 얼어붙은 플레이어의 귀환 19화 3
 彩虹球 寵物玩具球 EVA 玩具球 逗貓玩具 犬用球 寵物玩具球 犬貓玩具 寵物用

▬▬▬

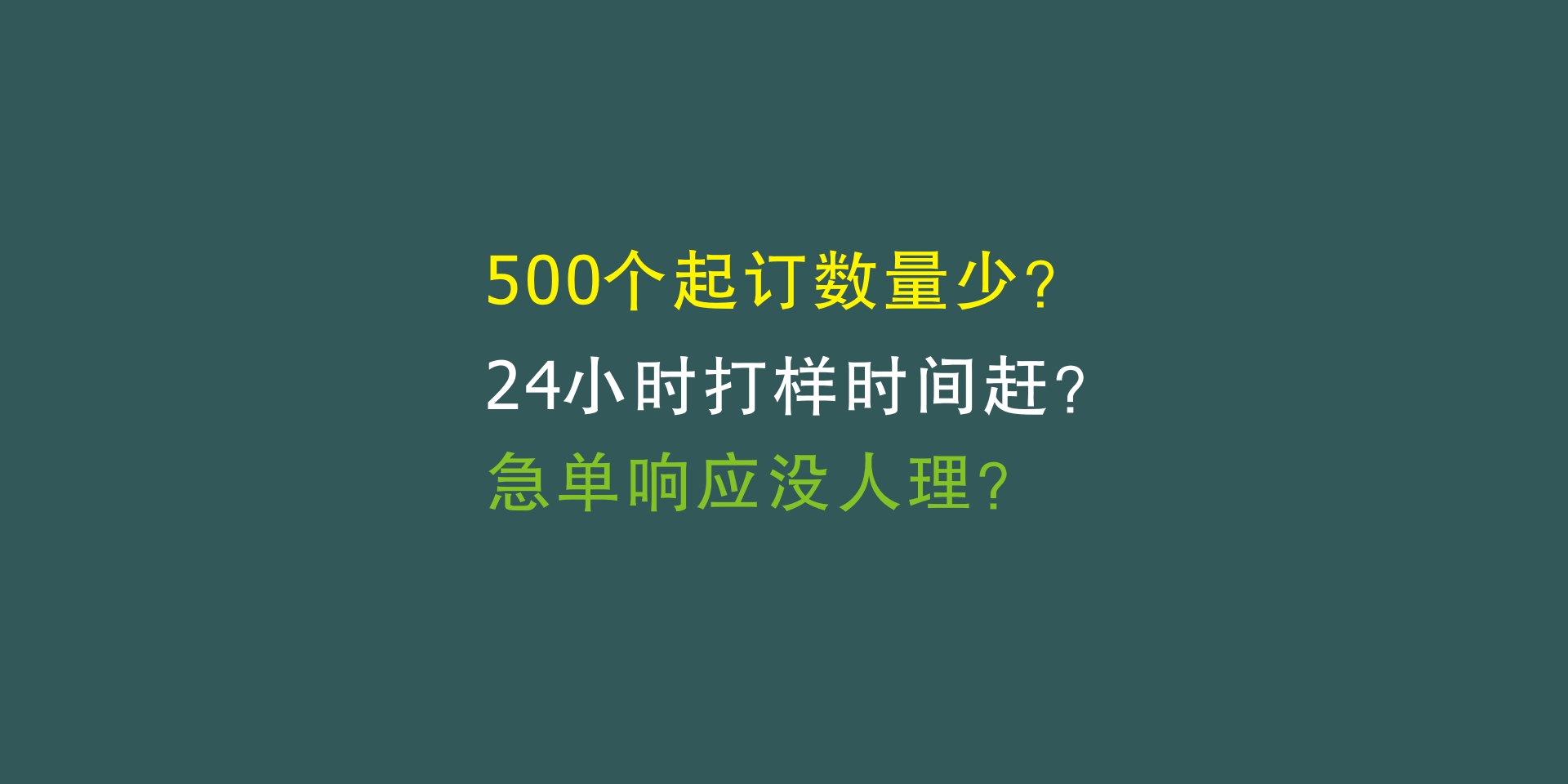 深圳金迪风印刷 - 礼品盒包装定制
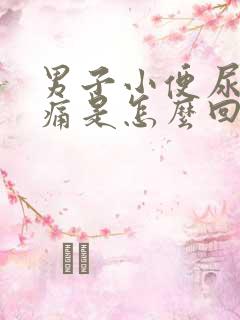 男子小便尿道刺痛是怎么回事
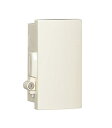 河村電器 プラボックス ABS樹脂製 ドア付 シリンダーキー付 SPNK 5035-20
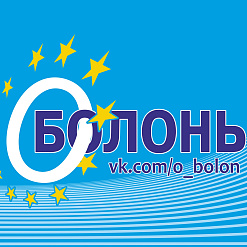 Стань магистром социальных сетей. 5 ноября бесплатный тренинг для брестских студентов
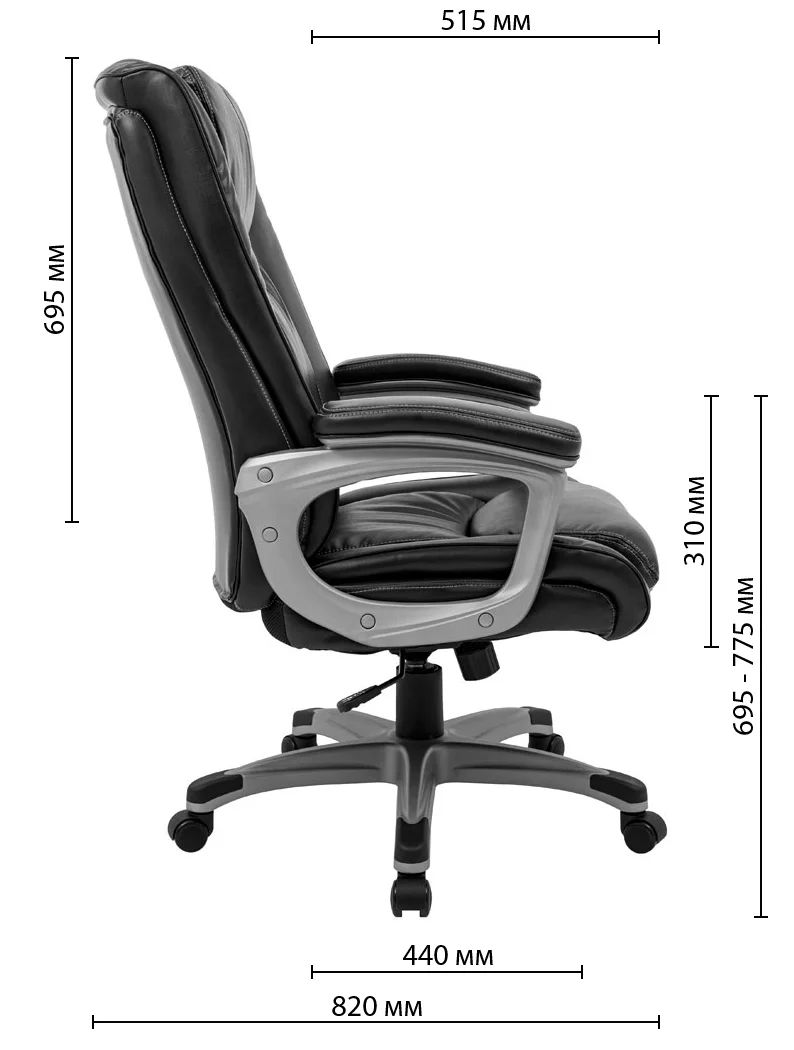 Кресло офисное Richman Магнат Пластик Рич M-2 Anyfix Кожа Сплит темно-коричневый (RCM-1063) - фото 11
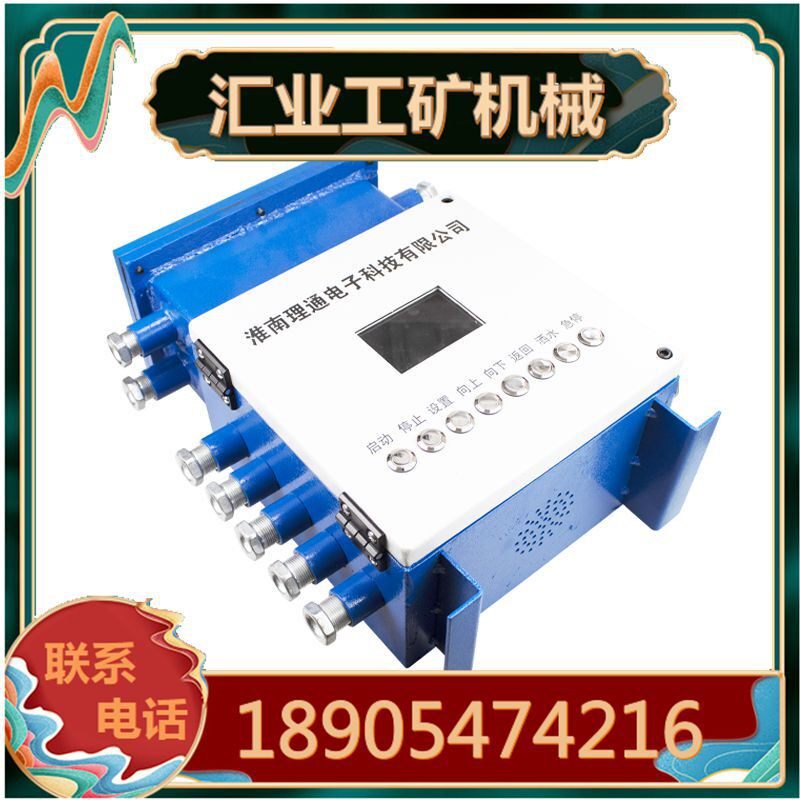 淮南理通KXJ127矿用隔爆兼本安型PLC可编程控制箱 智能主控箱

▬▬▬

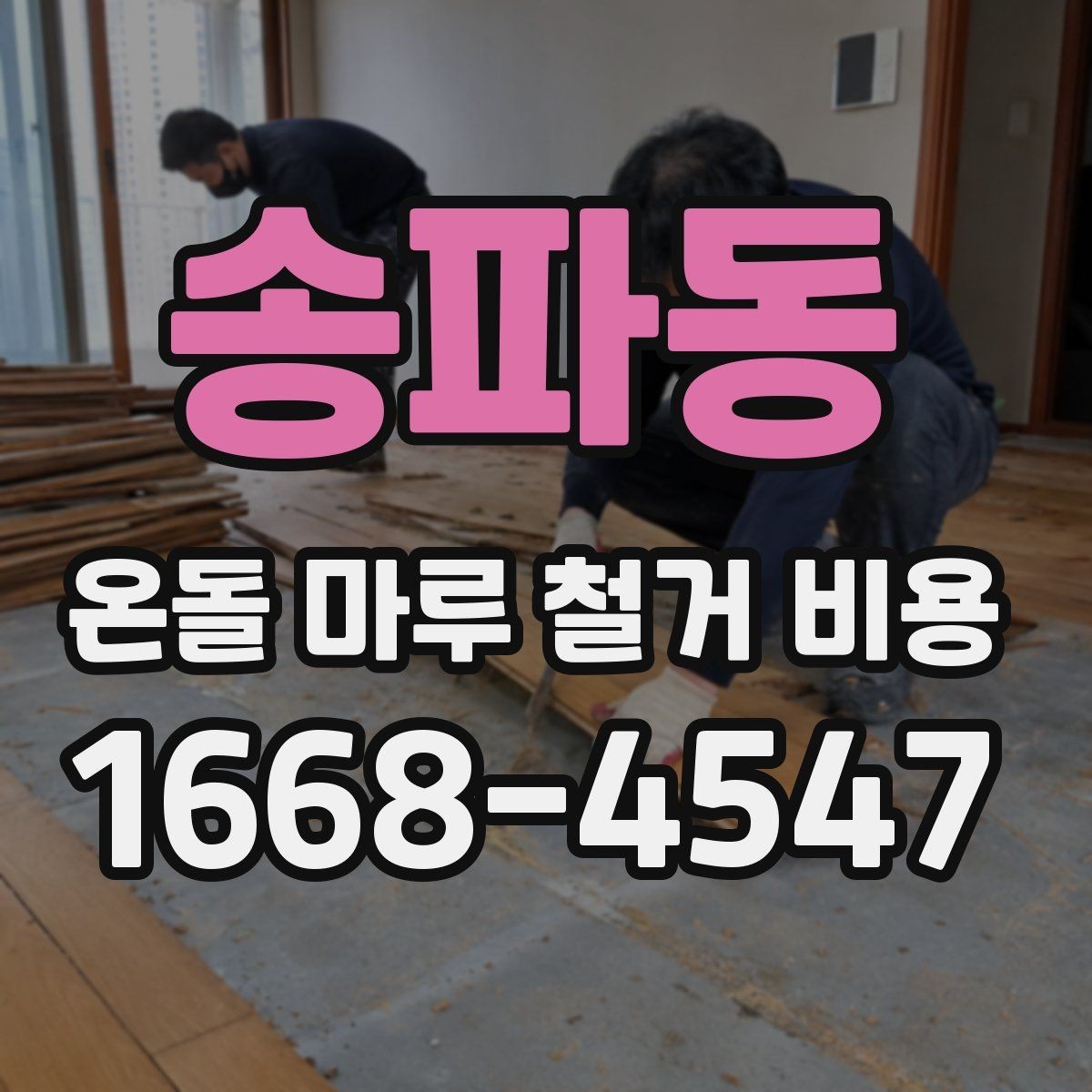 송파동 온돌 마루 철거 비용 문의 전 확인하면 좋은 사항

▬▬▬

All that should appear in the answer is the lines above from the line with "河村電器 プラボックス ABS樹脂製 ドア付 シリンダーキー付 SPNK 5035-20" through the line with "淮南理通KXJ127矿用隔爆兼本安型PLC可编程控制箱 智能主控箱", retyped exactly, pictures left out.

[Your solution]
 河村電器 プラボックス ABS樹脂製 ドア付 シリンダーキー付 SPNK 5035-20
 Стань магистром социальных сетей. 5 ноября бесплатный тренинг для брестских студентов
 Кресло офисное Richman Магнат Пластик Рич M-2 Anyfix Кожа Сплит темно-коричневый (RCM-1063) - фото 11
 淮南理通KXJ127矿用隔爆兼本安型PLC可编程控制箱 智能主控箱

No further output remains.